For projects that consider checked exceptions an inconvenience (Guava propagate anyone?), having the throws Exception declaration allows them to be ignored.

ejona86 commented 5 years ago

A completely different solution would be to add throws Exception to the signature of...

Nope. That is API-breaking. And we wouldn't want to introduce a new API just for this.

This sort of change would also need to happen to StreamObserver for the streaming use-case, and that forces all users to deal with the throws Exception even though gRPC itself won't throw an unchecked exception.

ejona86 commented 5 years ago

it could be a configurable feature of the protoc plugin.

Also, we don't do any configuration like this in the protoc plugin. For multiple reasons you have to assume that all users are using one canonical version of the generated code. We could add an option to the .proto saying which behavior we wanted (so then all users see the same generated code), but that doesn't seem like it could be used very well in this case.

tonicsoft commented 5 years ago

That makes sense, thanks for the detailed reply once again.
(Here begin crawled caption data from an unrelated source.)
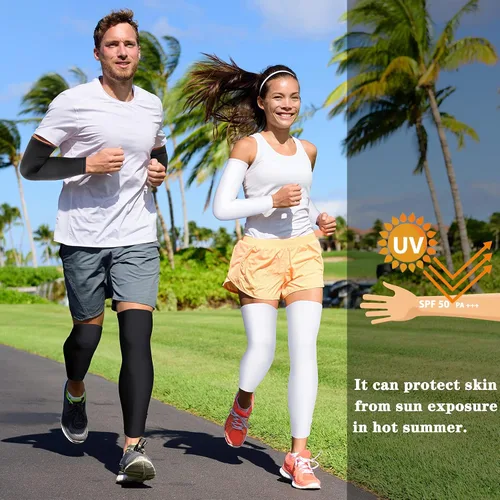 Miniatura 6 de Geyoga 2 pares de mangas de compresión de longitud completa para piernas para hombres y mujeres, fútbol (negro, blanco, talla XS)
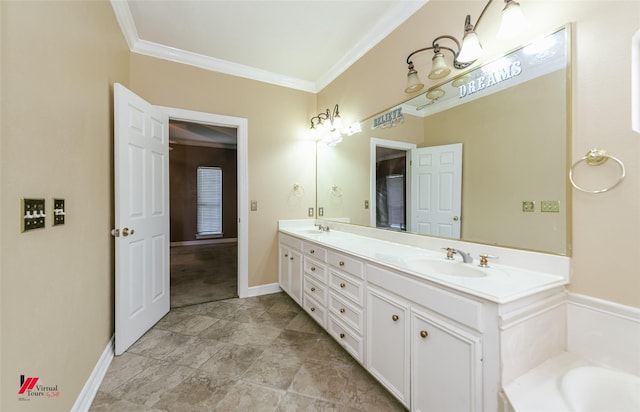 3635 Greenacres Place Dr Unit 350, Bossier City, LA 71111 - bathroom featuring ornamental molding, double vanity, and a bath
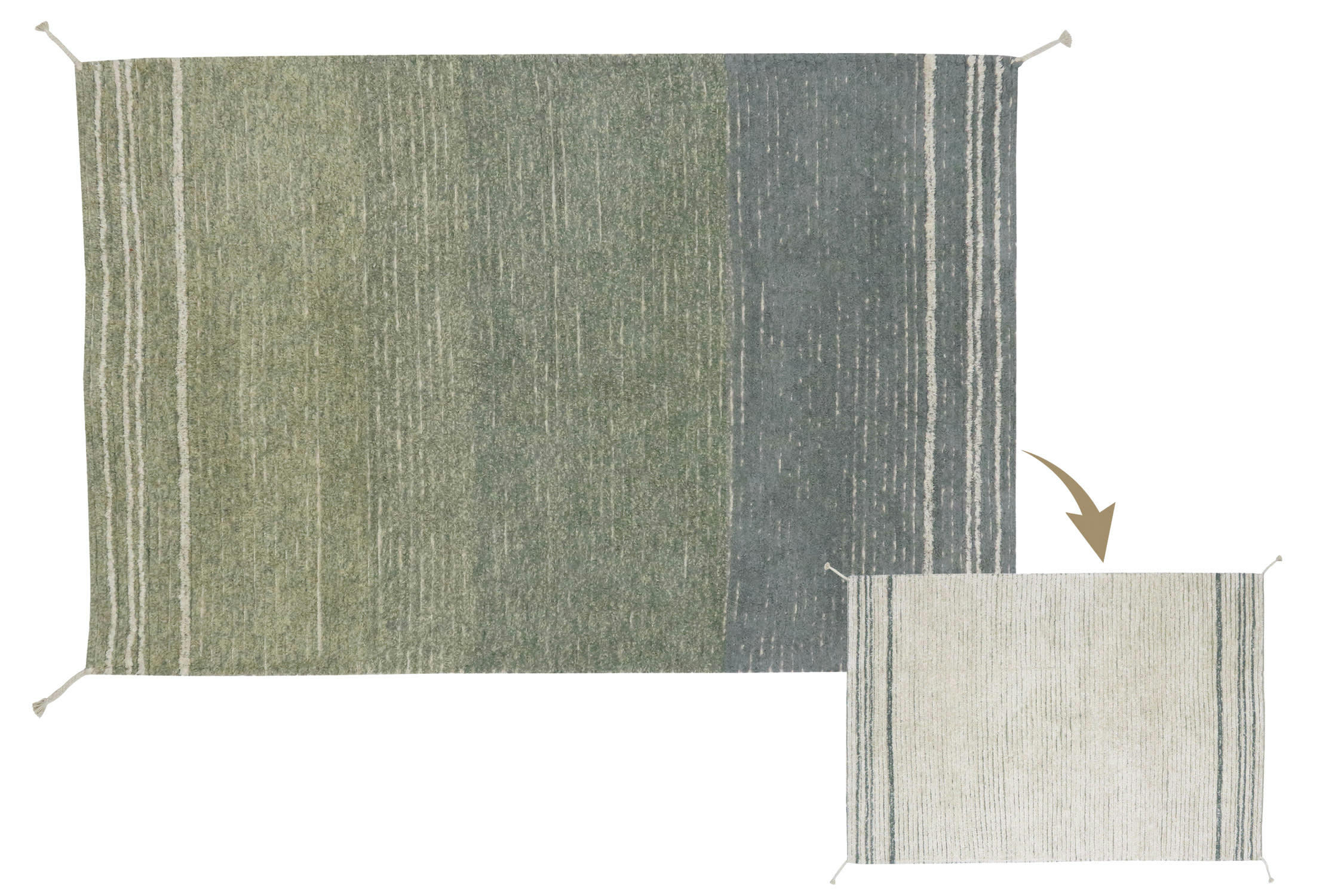 REVERSIBLE - Tapis lavable en coton bleu 170x240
tonicsoft commented 5 years ago

fwiw, here's an example of "sneaky throws" in the wild that I discovered today while doing something completely unrelated. I believe it's more evidence that GRPC should not be opinionated on this matter and should simply handle all Throwables, as the fact of the matter is that this is a feature of the JVM that people use, wisely or unwisely, Kotlin or no Kotlin:

https://github.com/testcontainers/testcontainers-java/blob/master/core/src/main/java/org/testcontainers/containers/PortForwardingContainer.java https://projectlombok.org/features/SneakyThrows

jontro commented 4 years ago

Thanks @tonicsoft ! Your latest solution solves my problem too. Using kotlin out of the box will make this problem appear.